In the copy, every line of the material that follows must appear exactly, and no pictures should.
________________________
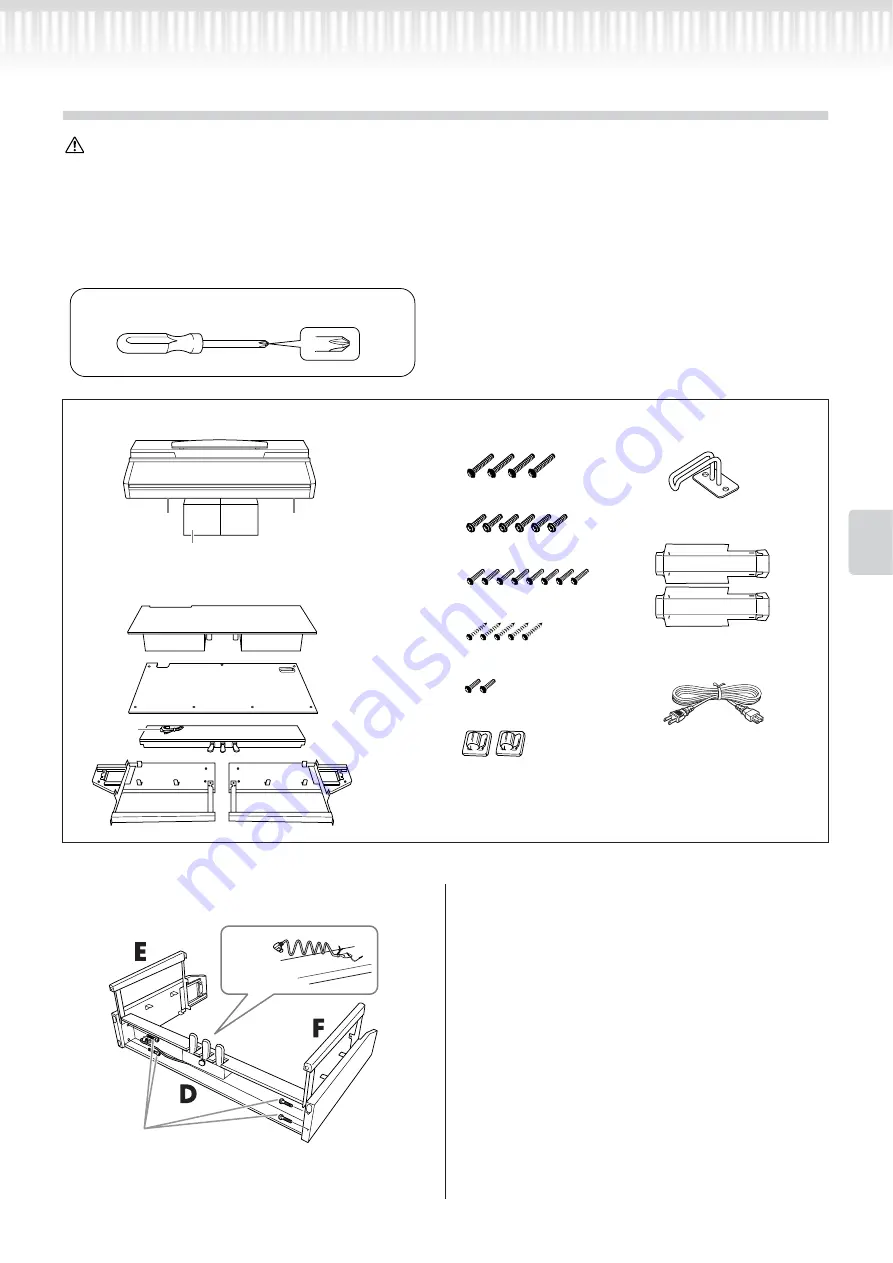 Yamaha Clavinova CLP-270 Owner'S Manual Download Page 109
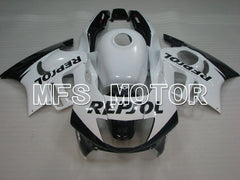 Honda CBR600 F3 1995-1996 Injection ABS Fairing - Repsol - Black White - MFS3038 - Fairings Kit
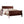 Louis Philippe Sleigh Style Bed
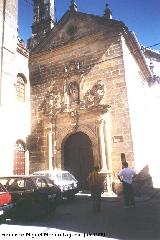 Oratorio de San Juan de la Cruz. 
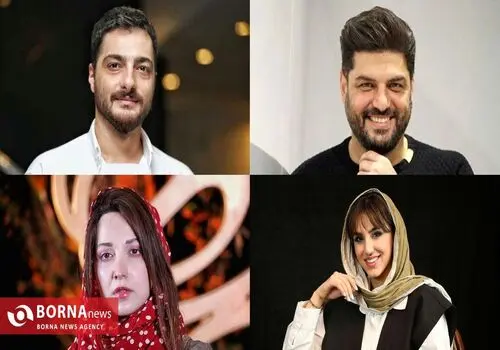 دیدار جذاب بازیگران سریال «شغال» در یک مراسم!
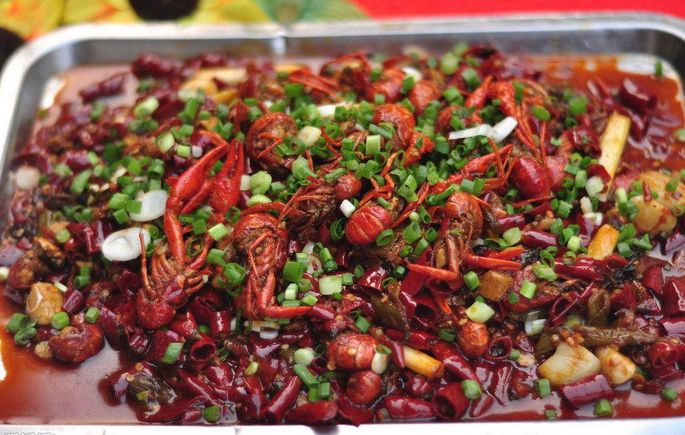 流行美食 小龍蝦的危害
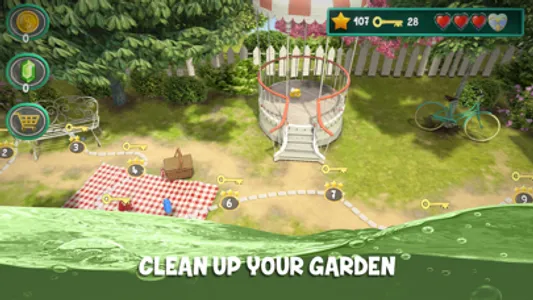 Ambitious Dirt screenshot 1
________________________
=== Response below ===
 Yamaha Clavinova CLP-270 Owner'S Manual Download Page 109
 Honda CBR600 F3 1995-1996 Injection ABS Fairing - Repsol - Black White - MFS3038 - Fairings Kit
 Louis Philippe Sleigh Style Bed
 Oratorio de San Juan de la Cruz. 
 دیدار جذاب بازیگران سریال «شغال» در یک مراسم!
 流行美食 小龍蝦的危害
 Ambitious Dirt screenshot 1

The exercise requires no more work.